2017年01月29日

3155話 梅台の怪


 山というほどではないので、丘だろうか。市街地の外れで、梅台町。住宅地だ。桜台や桃台はよく聞くが、梅台は珍しい。丘の斜面が梅畑だった。今は当時の梅は一本も生えていないのは、ブルドーザーで削り取ったため。斜面に台を造り、家が生えた棚田のようなもの。
 しかし、梅の木は生えている。これは庭木として売られているもので、梅干し用ではない。梅台に来た人は、それが名残だと勘違いしやすい。
 丘なので標高は低く、山頂というほどの場所もない。てっぺんまで家が建っている。流石に丘の裏側は傾斜がきつく、雑木林のままだが、神社や寺があり、その参道などが近所の人の散歩コースになっている。一寸した山のようなもので、ここに入り込むと静かだ。
 丘の向こう側はまだ農家が残る田園風景だが、それほど広くはなく、また、ここにも家が建ち始めており、その先は本格的な山の裾野になるが、大学や会館、それに大きな総合病院などが見える。その先は山間の町や村が続く。
 問題は丘の裏側だ。ここは裏側にある村と関係する。表側は既に市街地なので、もう村はないが、こちらの方が豊かな村だった。田んぼも広い。しかし山を分け合った。表側と裏側に。そして表側は山の形が変わるほど変わったが、裏側はそのまま残っている。神社や寺も裏の村のものだ。

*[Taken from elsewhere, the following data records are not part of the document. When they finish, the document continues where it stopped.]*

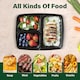 image 4 of 34oz Black 3 Compartment Meal Prep Containers With Lid Plastic Microwave Safe Food Storage Box 20pc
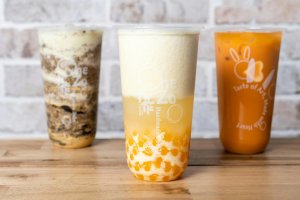 Refreshing Bubble Teas on Wooden Table in Cafe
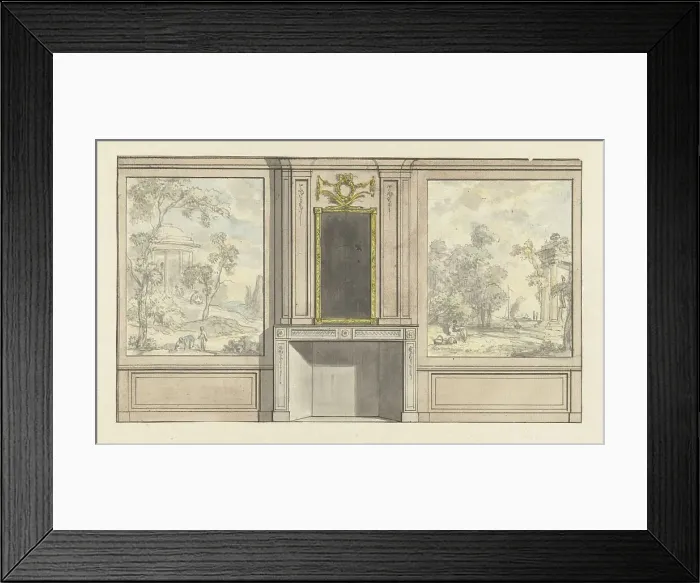 Framed Print : Room wall design, c.1752-c.1819. Creator: Juriaan Andriessen Framed Print : Room wall design, c.1752-c.1819. Creator: Juriaan Andriessen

 近所の人の散歩コースになっているのだが、遭難する人がいる。見晴らしが悪いためと、山頂らしきものがしっかりとしていないので、方角が分かりにくい。
 裏の村の人達は、ここを迷い山と呼んでいる。丘だが、襞が多くあり、さらに里山なので、道が多い。さらに村の墓場跡もある。土葬時代のものだ。丘の裏側と、そこにある村の端っこの雑木林とが接しており、丘ではなく、山に入り込むのだろう。

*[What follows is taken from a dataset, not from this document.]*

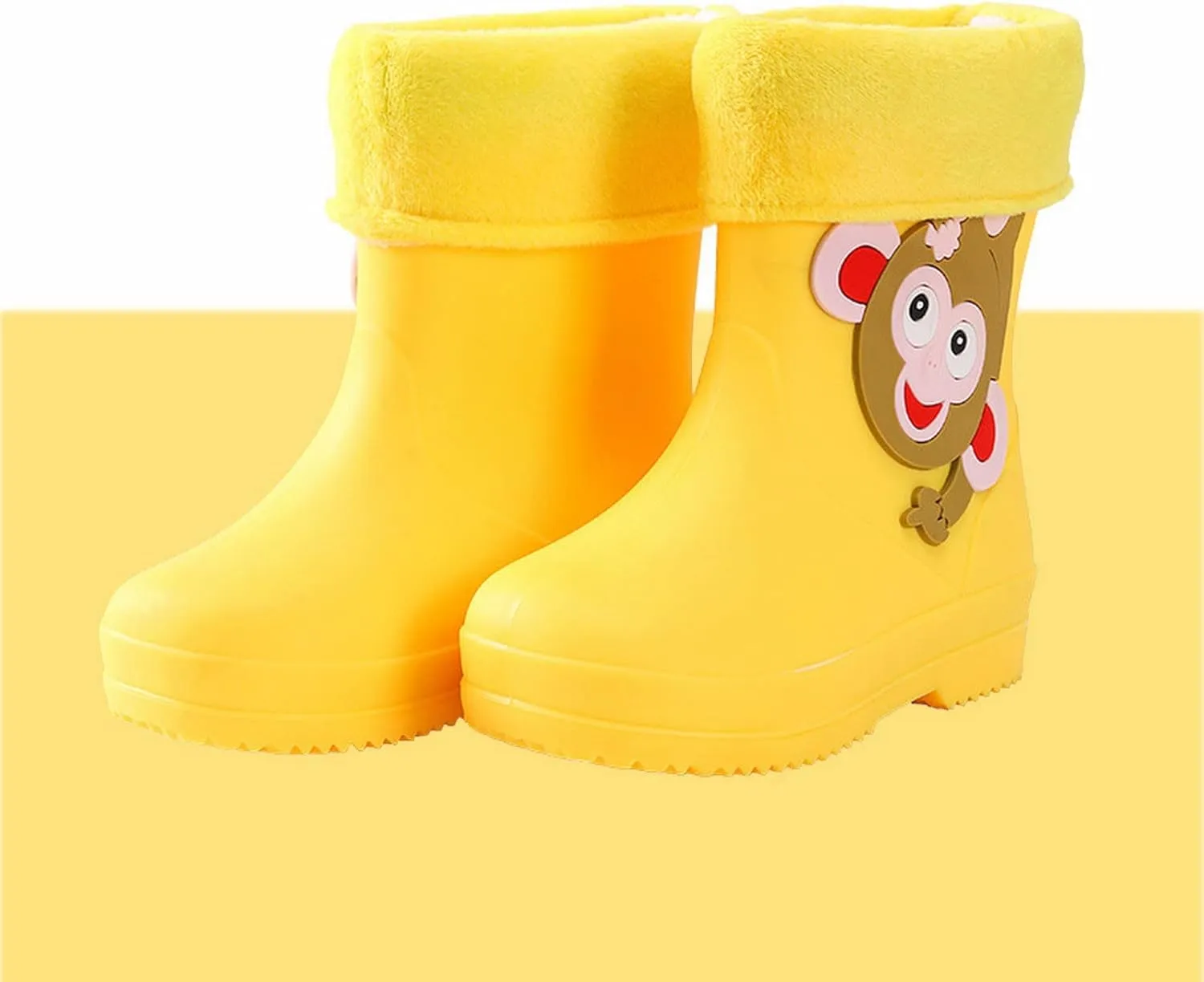 Unisex Child Walking Shoes Fleece Lined Waterproof Rain Boots Cute Cartoon Lightweight Toddler Rubber Boots Winter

 しかし二人では迷わないが一人で歩いていると、迷いやすいらしい。下から市街地の騒音が聞こえてきそうな場所なのだが、丘から降りられなくなり、長い時間歩き続けたとか。そして出てきたときは、その丘ではなく、かなり離れたところだったする。もうあの丘が見えないほど離れた。
 狭い場所だが山の怖さがそれなりにある。
 そして梅畑時代の梅の古木が、この裏側に一本だけ残っている。既に枯れており、幹だけ。そのため、梅の古木が化かすのだと、裏側の村の人は言っている。